It’s Getting Too Hot to Make Snow
For dozens of Alpine ski resorts, this past Christmas and New Year season has been a literal washout. Very little snow fell in December. Then rain arrived, wiping many slopes back to green and brown turf. Frustrated skiers Googled the forecasts, glimpsed snowless mountainsides on live videofeeds, and canceled their bookings. Dozens of pistes, and even some entire resorts, remained closed as 2023 dawned.
Among those that soldiered on was Laax in the Swiss Alps, about 60 kilometers from the Italian border. The resort, with roughly 200 kilometers of ski runs, has been planning for snow shortages like this for some time. An arsenal of snow guns came to the rescue.
Huge snowmaking machines, some mounted on towers, sprayed Laax’s hillsides with artificial snow all through the night in late December, with the necessary water delivered to some of the resort’s higher altitudes via a special pipe installed last summer. Laax has 430 snow machines, some of which are mobile. At times, all of them were running simultaneously, explains Corsin Clopath, head of piste at the resort. “I am happy with the guns,” he says. “But we need more.”
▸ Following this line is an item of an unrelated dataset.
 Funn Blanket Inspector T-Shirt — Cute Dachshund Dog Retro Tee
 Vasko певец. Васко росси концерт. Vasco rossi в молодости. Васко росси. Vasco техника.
There’s a big question over whether it’s viable to rely on snow machines in the long term—especially since rising global temperatures are expected to threaten more ski resorts in years to come. Snowmaking requires a lot of energy, which makes upping use of the devices controversial and expensive. A 2011 review of Swedish snowmaking found that the amount of electricity required to make just 2 meters cubed of artificial snow was, on average, equivalent to what a typical British household would use in a day. Clopath says Laax uses 100 percent renewable energy, but it still has to pay for that.
Artificial snow is also different from the real thing. The guns blast water droplets into the cold air, which freeze. Moisture in the atmosphere then condenses and freezes around those droplets, growing the snow particles. This yields a particularly compact covering of snow, which experienced skiers can distinguish from the real thing, though Clopath says the attributes of artificial snow came in handy in recent weeks. The rain tended to trickle off the compact surface rather than penetrate into the snow and melt it.
A bigger long-term issue is that snow guns can’t just be turned on whenever you want—they need the right operating conditions. Unsuitable weather meant that there was only a short time over Christmas during which it was cold and dry enough to run the contraptions, Clopath notes. Poor snowfall at Christmas is far from unheard of in the Swiss Alps, but it’s the noticeably warm temperatures and lack of suitable snowmaking periods that are really challenging resorts now, he says: “We had two really good weeks to produce the snow, and after that it was too warm.” In the end, Laax managed to cover around a third of its pistes with artificial snow. Natural snow, present only at higher latitudes at first, eventually began falling and settling on the lower slopes, too.